Putin will mit der neuen US-Regierung zusammenarbeiten. Foto: AP

moskau. Trotz massiver Spannungen mit dem Westen hat Russlands Präsident Wladimir Putin seine Kooperationsbereitschaft betont. “Wir wollen keine Konfrontation, wir suchen keine Feinde”, sagte Putin bei einer Rede an die Nation am Donnerstag in Moskau. “Wir brauchen Freunde, aber wir dulden keine Missachtung unserer nationalen Interessen.” Russlands Politik in der Ukraine-Krise und im Syrien-Konflikt hat die schwersten Spannungen mit dem Westen seit dem Ende des Kalten Krieges ausgelöst. Das Verhältnis zu den USA unter Präsident Barack Obama gilt als zerrüttet. Der Kremlchef betonte, Russland sei zur Zusammenarbeit mit der neuen US-Regierung bereit. Er betonte, beide Länder hätten eine gemeinsame Verantwortung für die globale Sicherheit. Putin hatte sich nach der Wahl des künftigen US-Präsidenten Donald Trump für eine Annäherung ausgesprochen. Auch die Partnerschaft mit China sei für Russland wichtig, ergänzte der russische Staatschef.

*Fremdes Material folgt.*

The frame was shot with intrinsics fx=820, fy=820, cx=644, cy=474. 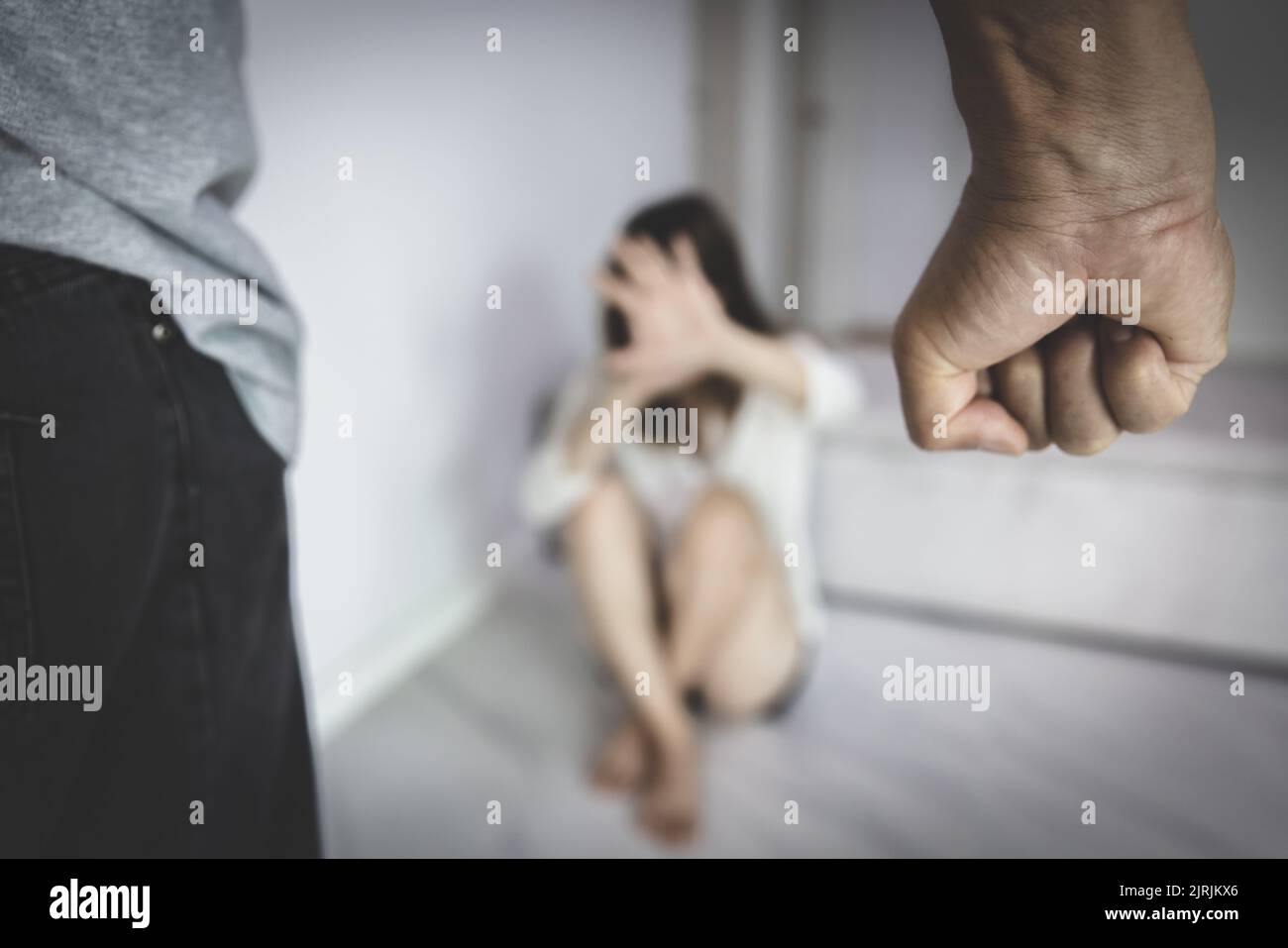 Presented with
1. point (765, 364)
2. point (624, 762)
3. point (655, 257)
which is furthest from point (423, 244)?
point (624, 762)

Bei der Zusammenarbeit mit Trump will Putin vor allem auf einen gemeinsamen Kampf gegen den Terrorismus setzen. Der US-Republikaner hatte bereits im Wahlkampf eine neue Russlandpolitik angekündigt und mit Blick auf den Nahen Osten gesagt, das Hauptaugenmerk müsse auf dem Kampf gegen die Terrormiliz Islamischer Staat (IS) liegen. Moskau bezeichnet in Syrien allerdings auch die von den USA unterstützten Rebellengruppen gegen den dortigen Machthaber Baschar al-Assad als Terroristen.